Writing is not the production of words.
If you watch me write, you’d be forgiven for thinking I am a television detective trying to solve a murder. I’m often pacing and muttering, or putting my palm on the wall to lean while I stare at a scrap of paper, with a furrowed brow and a determined jawline. Right now, working on my vaudeville “The Horse’s Ass,” here’s my setup:
Paper on the wall.
Index cards on the table across the room.
Post-it notes on the bed by the door.
A computer through the doorway, in the kitchen, on the counter.
The writing happens at all of these stations… but mostly, the writing happens when I’m walking from one place to another.
The wall has my scene by scene outline. (A kind of abstract storyboard of highlights, tracking where new ideas or themes are introduced and resolved.
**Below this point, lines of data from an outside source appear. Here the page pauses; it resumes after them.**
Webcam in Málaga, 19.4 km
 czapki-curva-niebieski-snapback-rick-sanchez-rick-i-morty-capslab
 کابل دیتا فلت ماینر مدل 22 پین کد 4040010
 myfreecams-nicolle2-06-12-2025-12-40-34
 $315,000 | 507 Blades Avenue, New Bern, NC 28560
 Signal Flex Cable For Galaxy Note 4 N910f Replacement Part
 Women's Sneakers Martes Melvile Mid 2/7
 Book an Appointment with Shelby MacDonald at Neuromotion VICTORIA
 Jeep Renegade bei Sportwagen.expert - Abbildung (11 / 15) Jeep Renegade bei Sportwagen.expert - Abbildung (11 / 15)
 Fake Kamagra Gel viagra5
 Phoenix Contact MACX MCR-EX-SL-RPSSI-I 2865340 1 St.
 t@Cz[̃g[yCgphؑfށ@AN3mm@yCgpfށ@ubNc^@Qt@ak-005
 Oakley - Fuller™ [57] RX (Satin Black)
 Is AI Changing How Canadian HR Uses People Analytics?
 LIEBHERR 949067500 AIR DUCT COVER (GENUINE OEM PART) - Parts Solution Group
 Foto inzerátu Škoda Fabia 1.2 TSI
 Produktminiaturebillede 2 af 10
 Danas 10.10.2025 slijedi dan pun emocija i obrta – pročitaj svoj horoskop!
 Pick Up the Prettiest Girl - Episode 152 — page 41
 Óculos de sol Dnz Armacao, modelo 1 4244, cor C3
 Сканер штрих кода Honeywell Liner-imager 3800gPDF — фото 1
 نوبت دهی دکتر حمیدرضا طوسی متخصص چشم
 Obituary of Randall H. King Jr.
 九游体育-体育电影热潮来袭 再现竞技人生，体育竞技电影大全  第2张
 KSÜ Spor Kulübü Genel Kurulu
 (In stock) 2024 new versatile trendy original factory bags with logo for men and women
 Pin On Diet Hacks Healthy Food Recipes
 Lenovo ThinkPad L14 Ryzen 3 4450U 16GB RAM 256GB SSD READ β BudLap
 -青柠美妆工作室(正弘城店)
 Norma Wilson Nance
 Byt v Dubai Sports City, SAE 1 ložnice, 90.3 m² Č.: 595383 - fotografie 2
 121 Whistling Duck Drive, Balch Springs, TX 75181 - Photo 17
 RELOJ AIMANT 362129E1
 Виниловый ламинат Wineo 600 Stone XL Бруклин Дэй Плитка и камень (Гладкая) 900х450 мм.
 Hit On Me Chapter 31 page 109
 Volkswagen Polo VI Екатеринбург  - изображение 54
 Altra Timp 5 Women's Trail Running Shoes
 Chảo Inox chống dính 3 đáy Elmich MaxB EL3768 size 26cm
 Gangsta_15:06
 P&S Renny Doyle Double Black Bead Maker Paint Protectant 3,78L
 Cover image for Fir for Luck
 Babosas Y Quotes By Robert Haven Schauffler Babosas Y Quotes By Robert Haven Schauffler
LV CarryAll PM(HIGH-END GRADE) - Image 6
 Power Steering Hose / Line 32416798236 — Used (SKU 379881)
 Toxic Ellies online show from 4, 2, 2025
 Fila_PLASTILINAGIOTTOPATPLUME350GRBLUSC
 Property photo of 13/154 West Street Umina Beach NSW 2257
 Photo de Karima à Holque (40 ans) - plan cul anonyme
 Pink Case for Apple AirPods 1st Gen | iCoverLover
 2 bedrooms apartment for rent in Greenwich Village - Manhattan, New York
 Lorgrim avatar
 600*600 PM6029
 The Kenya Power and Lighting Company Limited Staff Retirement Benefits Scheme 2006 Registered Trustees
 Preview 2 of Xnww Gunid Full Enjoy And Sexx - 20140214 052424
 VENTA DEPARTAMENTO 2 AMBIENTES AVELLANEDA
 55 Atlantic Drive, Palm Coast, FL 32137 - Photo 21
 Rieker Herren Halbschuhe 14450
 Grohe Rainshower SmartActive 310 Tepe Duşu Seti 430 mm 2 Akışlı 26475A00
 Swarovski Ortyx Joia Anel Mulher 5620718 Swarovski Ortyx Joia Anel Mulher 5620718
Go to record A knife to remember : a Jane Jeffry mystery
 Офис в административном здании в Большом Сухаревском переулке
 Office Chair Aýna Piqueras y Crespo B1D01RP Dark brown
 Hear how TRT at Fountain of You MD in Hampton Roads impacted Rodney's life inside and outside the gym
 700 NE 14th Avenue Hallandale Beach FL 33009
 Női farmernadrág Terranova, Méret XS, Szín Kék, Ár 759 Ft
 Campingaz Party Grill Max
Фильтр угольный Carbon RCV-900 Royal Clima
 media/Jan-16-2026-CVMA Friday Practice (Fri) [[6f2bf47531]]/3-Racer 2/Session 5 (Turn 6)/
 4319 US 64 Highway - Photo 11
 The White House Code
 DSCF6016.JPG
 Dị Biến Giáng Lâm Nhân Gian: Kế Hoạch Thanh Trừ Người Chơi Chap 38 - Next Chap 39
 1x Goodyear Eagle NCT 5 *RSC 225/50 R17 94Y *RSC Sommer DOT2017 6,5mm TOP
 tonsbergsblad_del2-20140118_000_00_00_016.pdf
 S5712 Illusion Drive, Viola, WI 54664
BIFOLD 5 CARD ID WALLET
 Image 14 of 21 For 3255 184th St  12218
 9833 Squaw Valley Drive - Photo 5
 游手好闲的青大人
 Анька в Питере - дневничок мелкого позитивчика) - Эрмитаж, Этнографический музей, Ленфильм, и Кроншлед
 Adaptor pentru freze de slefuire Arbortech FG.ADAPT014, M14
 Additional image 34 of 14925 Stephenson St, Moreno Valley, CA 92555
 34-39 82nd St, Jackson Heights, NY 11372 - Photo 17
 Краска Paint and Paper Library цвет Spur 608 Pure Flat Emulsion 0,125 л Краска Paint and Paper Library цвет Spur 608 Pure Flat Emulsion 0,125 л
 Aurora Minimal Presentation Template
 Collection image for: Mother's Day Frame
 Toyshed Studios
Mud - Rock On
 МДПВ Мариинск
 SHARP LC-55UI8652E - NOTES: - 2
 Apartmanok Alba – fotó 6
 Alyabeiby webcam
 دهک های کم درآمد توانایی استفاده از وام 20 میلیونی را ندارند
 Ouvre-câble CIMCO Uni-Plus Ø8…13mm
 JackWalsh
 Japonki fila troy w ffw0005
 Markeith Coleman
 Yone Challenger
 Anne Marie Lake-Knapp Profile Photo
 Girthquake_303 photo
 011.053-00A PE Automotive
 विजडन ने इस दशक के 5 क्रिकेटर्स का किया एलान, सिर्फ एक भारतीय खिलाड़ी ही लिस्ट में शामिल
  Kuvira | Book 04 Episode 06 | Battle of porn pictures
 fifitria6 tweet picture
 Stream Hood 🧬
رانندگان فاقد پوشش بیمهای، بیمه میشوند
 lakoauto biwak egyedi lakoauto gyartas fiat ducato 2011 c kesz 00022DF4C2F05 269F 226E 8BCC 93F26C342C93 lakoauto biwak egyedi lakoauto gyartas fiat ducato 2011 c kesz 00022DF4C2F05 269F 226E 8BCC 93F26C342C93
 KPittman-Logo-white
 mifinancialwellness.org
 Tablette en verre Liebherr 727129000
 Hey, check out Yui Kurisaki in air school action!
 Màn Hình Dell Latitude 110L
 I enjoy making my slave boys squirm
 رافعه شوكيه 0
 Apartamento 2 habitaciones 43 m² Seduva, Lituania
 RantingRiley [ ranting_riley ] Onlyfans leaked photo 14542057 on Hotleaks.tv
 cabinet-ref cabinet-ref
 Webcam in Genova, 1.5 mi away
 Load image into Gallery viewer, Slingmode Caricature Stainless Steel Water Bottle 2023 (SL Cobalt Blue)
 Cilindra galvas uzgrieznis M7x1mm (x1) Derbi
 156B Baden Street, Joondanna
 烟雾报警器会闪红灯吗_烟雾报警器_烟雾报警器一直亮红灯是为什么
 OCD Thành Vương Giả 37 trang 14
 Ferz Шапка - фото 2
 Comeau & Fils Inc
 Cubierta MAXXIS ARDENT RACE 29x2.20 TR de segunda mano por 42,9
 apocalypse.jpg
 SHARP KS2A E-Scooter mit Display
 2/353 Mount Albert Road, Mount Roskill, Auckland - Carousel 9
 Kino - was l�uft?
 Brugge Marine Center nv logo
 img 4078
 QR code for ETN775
Each scene is a different page, color coded to help me remember that, for example, what I set up in scene 5 is meant to pay off in scene 10.)
The index cards have notes for specific lines of dialogue, turns of phrase I want to hear coming out of a character’s mouth. (A joke, the start of a monologue, a question one person needs to ask another when the gloves really come off.)
The post-its have notes for specific visual moments, images I want to see onstage. (A piggyback ride, a slap, a certain way two people might stand in identical poses but far apart from each other.)
When I’m sure where in the play these small moments happen, the post-its and index cards get tacked up on the outline, on the wall, and the play literally takes shape in front of me.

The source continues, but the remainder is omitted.